The main stem was planted at the then Natal Botanic Gardens and other stems were donated to Kirstenbosch in Cape Town, the Pretoria Botanical Gardens and Kew Gardens in the UK.

Two of these ended up in a Durban private garden owned by Robin Thorpe.

He was sequestrated and the property was placed in the control of a family trust, which was taken over by the Banavie Trust in 2000.

The trust had the plants valued by a cycad dealer, who classified them as ‘superb specimens’ and very old.

Using the standard value of R20 000 per centimetre, the valuer estimated their worth at R14m. This amount was lowered after a failed attempt to sell them showed that cycad dealers were unlikely to pay more than a quarter of the plants’ estimated value.

In 2019, the Banavie Trust gave a mandate, which the Sunday Times has seen, to an agent asking him to act on its behalf to secure a buyer for the two specimens for R5.5m.
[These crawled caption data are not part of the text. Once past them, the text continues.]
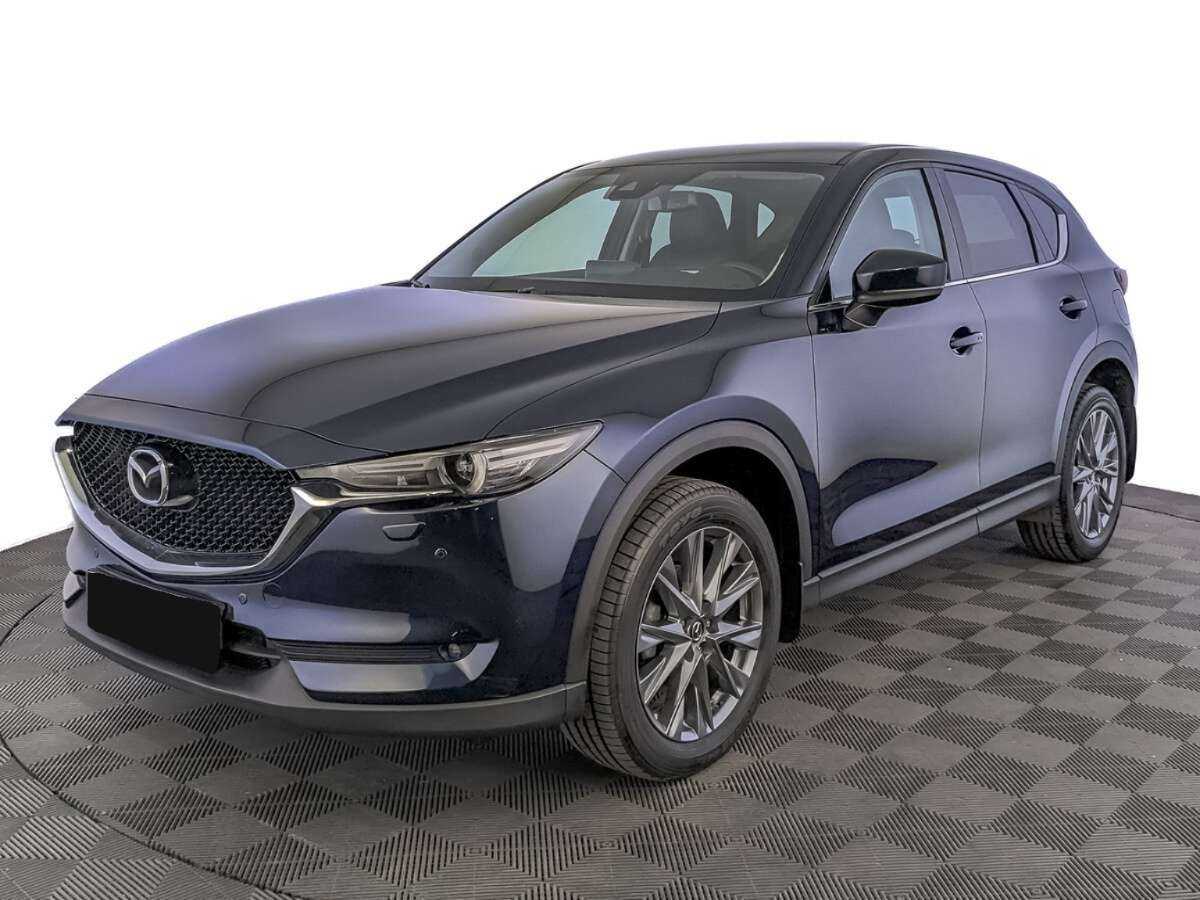 Купить Mazda CX-5 с пробегом. Фото: #0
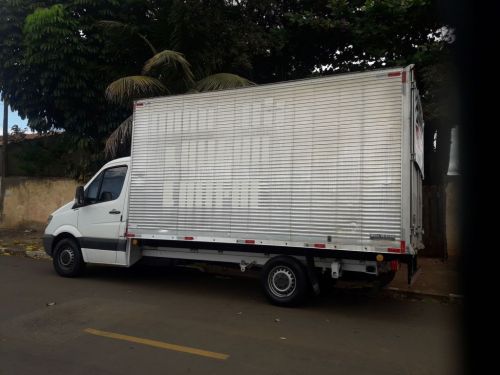 Vendo - Mercedes-benz Sprinter 2016 Bau por 146.000 752110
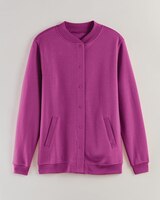 Iconic Fleece Jacket thumbnail number 1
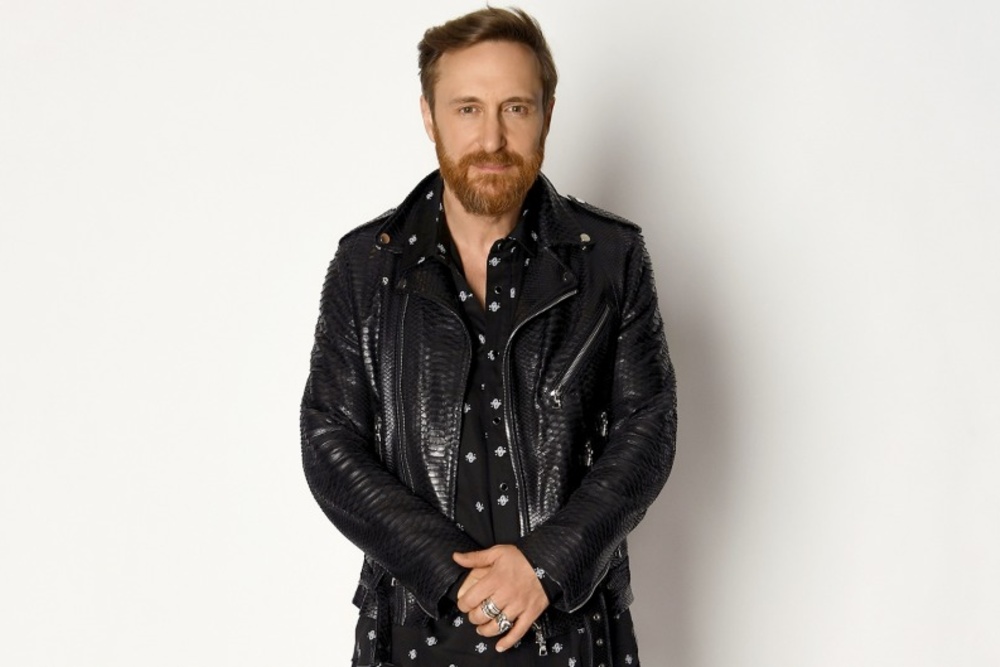 David Guetta pinchará en el emblemático Anfiteatro Altos de Chavón el 30 de diciembre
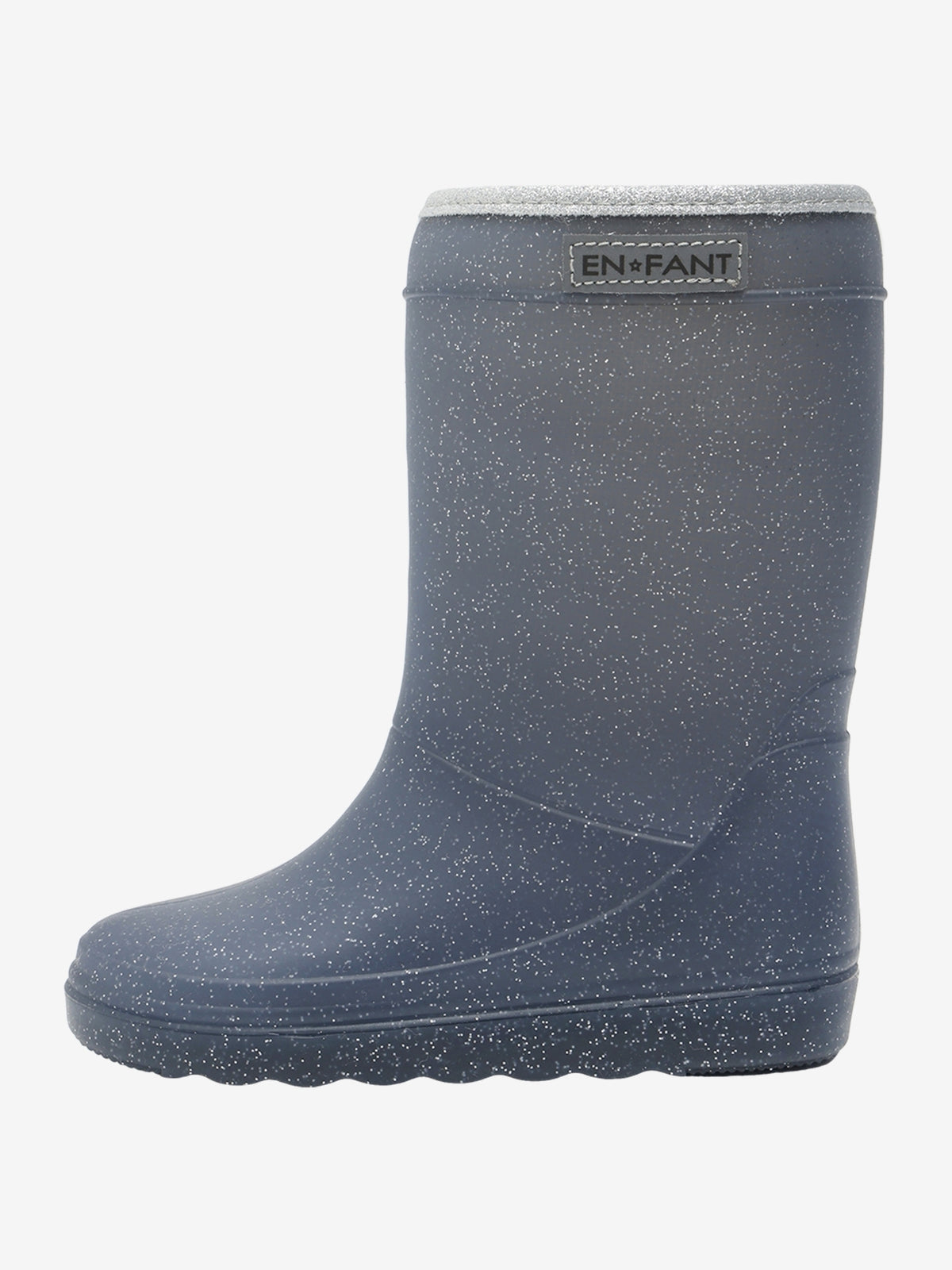 En Fant Thermo Glitzer Gummistiefel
The agent in turn contacted businessmen Fanie Vermaak and Jan van Vuuren of Rockview Trading for help.

Van Vuuren approached Bekker, the chair of Naspers, in January 2020. Bekker sent his own experts to examine the cycads, and they settled on a price of R7.2m – leaving Van Vuuren out of the loop, he said.

With no signed agreement in place with Van Vuuren, the R7.2m sale went ahead between Babylonstoren and the Banavie Trust.